Eleanor and Richard Sharp’s son David was eight and not doing well in language when they read about Cued Speech in their local Philadelphia paper in 1978, and decided to attend the Gallaudet workshop. There they met cueing children the same age as David who blew them away with their ability to read. Eleanor and Richard knew then that they had to learn this method. They arranged for Mary Lou Barwell to come to their home and help them implement the Tate curriculum (from Australia). They shared their exciting information about Cued Speech with other families and together created a cueing program for their children, with Pam Planker as teacher. But when the school district continually resisted providing the services requested, the Sharps decided to move to St. Amant, LA, where there was a cueing program. After a year of concentrated language learning, they moved back, closer to home, and Eleanor became David’s full-time transliterator in school. Even though a late starter, David did well with all the cueing support from his family.
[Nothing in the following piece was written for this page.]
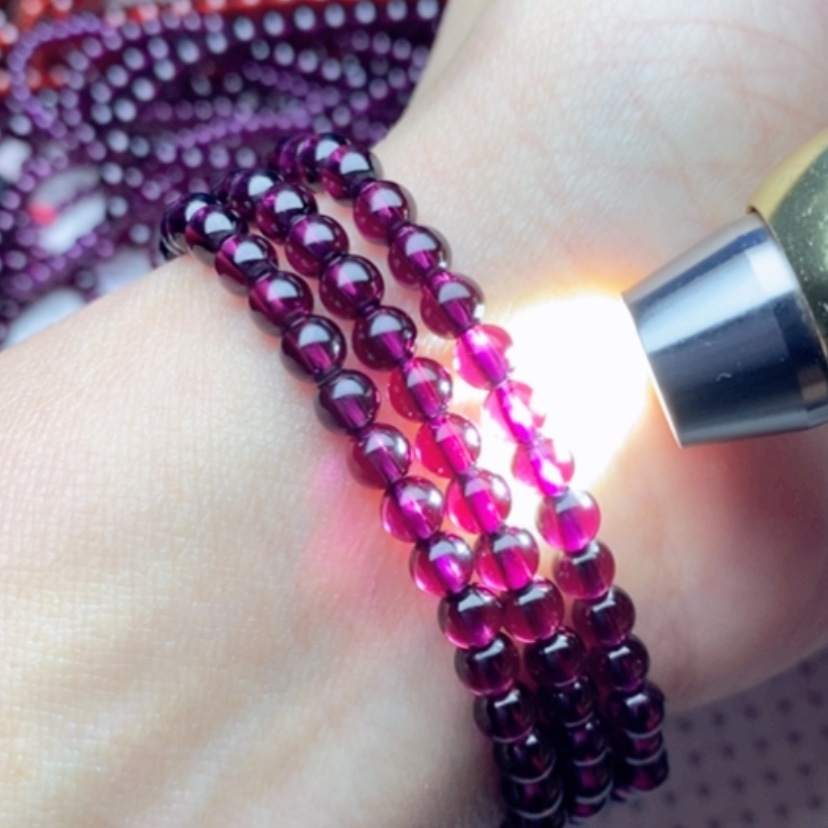 【闪购商品】石榴石手链未镶嵌4.8紫牙乌9a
When Pat and David Wheeler’s son Jeff, was born in 1966, there didn’t seem to be a lot of options for a family determined to treat their son as normally as possible. Pam Beck was an early elementary school teacher who suggested Cued Speech to them. They were a bit resistant but decided to give it a try. The whole family attended the 1978 summer Family Cued Speech Program at Gallaudet College. Jeff’s sister, Kristan, needed to know there were other little girls with deaf siblings. From that point on cueing was a natural part of the Wheelers’ lives. In junior and senior high, other families and the educators resisted ”that thing you do on your hands”, but Jeff succeeded in spite of them. He was cited at his graduation (with Kristin as transliterator) as a lesson in overcoming obstacles. When he graduated from NTID and then RIT his advisor told Wheelers that Jeff was the most “normal” deaf kid he had ever met. Cued Speech made that possible. It was from the small, widely spread group of cuers in Connecticut and the families at the Summer Family Cued Speech Program that Pat and David drew the support and strength they needed to succeed through these years.